Amazon's spending binge and weaker margins on its AWS cloud computing business are making its stock undesirable analyst James Cakmak told CNBC on Friday.
"I don't think this is the time right now to get in because I still think that the expectations have not fully calibrated with the reality of the situation," the Monness, Crespi, Hardt & Co. equity analyst told "Squawk Box."
Though AWS has been touted as a profitable part of the business, its incremental margins were slashed in half year over year, Cakmak said.

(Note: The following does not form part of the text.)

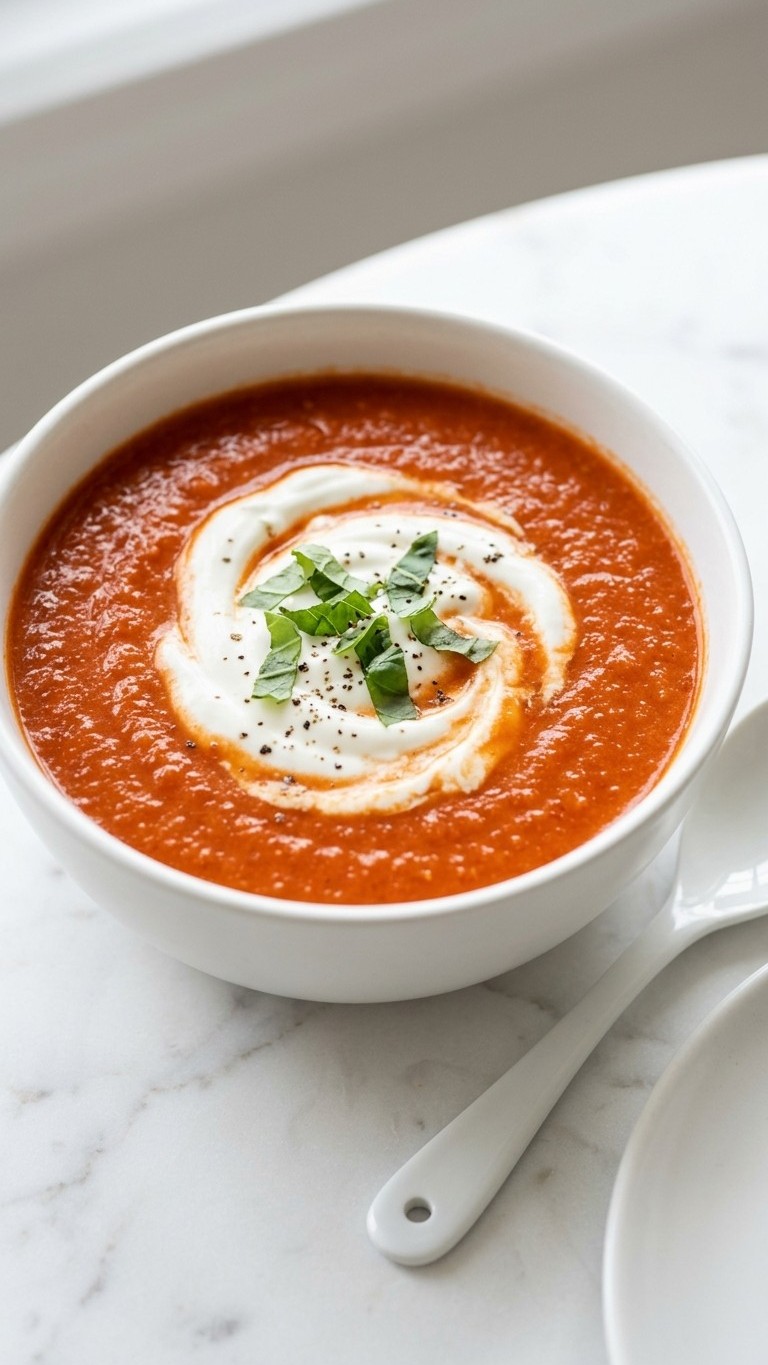 High Protein Tomato Soup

Paired with Amazon's hefty investments in content and logistics, that has eroded trust in the company's ability to turn a profit in the coming year, he said.
"Until we have more confidence in the profitability outlook, I don't think you can make that call [to buy]," Cakmak said.

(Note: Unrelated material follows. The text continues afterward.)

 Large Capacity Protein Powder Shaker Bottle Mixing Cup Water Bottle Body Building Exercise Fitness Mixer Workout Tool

Cakmak said he still likes Amazon's long-term prospects, and he praised its innovation.
"You've seen so much discipline and so much thoughtfulness in the pace of execution, the types of products that they're rolling out," he said. "I don't think you can discount Alexa with the Echo and building a platform around that."
"I love Amazon, love Prime, avid user," Cakmak continued. "But I can't recommend it at this price right now."
Earlier on "Squawk Box," Guggenheim analyst Robert Drbul made a case for buying Amazon, putting a $950 price target on the stock.
Amazon's share price was $813.48 on Friday morning, down 3 percent.